Kraak and Smaak's last release Electric Hustle was well, ok; like a supermarket curry, it was pleasant enough for the most part but a little bland. Certainly given the wealth of innovative, boldly ambitious and just plain weird avenues that dance music has been exploring in the last couple of years, there was almost nothing about it to suggest that it would be followed by a project as grandiose (At least in conception) as Mixed & Unmixed Feelings.
Possibly conceived one evening after drinking too much vodka and watching Swedish House Mafia, K&S (Dutch trio Oscar de Jong, Mark Kneppers and the brilliantly named Wim Plug), the Electric Hustle is now re-delivered here more nebulously in the guise of a number of remixes plus a raft of previously released stuff, on two CD's in mixed and unmixed versions (Relax. You'll get it).
Why they considered this whole exercise really necessary is anyone's guess, especially given a general lack of awareness of them other than as knob twiddlers on other people's work, but you can only review what's put in front of you, so accepting it's general right to exist, let's get on with the show.
Of the two, it's the Unmixed version that justifies more of an investment in time, building on Electric Hustle's finer moments (No More Crying, Romanthony's star turn on the classic house of Built For Love) and turning in a surprise or two on the additional extras front. Of these the retro This Feeling is all about the gradually evolving post warehouse club sound of 1991, but no worse for it, whilst the trio's take on Analog People In A Digital World's Bassaholics (On The Floor) throws in some classic cantina piano and big, up front Saturday vibes.
I have to confess the Mixed version seems a little confusing to me both in concept and form; it's not a mixed version of the other one (If that makes sense) but neither is it a mix of other people's tunes, rather a cobbled together stylistic chopping board of several of their own. Hmm.
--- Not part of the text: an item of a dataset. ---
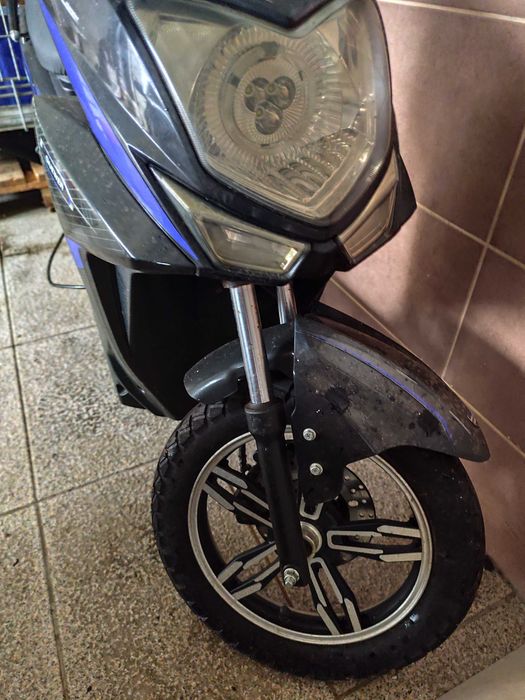 Mota eléctrica moto sem carta scooter vespa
It also contains my least favourite club track - in fact my least favourite track of any kind of last year - in the guise of the dumb as a post Dynamite, a song so offensively lame it makes Eric Prydz sound like Massive Attack.
So, are K&S merely delusional or are they simply giving the public more of what they want? Either answer could be true, but you MUST check out their remix of Moby's The Day, on which the diminishing vegan re-works Flash & The Pan's ancient classic Waiting On A Train via some stilted jazz funk angles and an off-centre techno chassis. No really, it's ace. Trust us, the rest you can happily live without.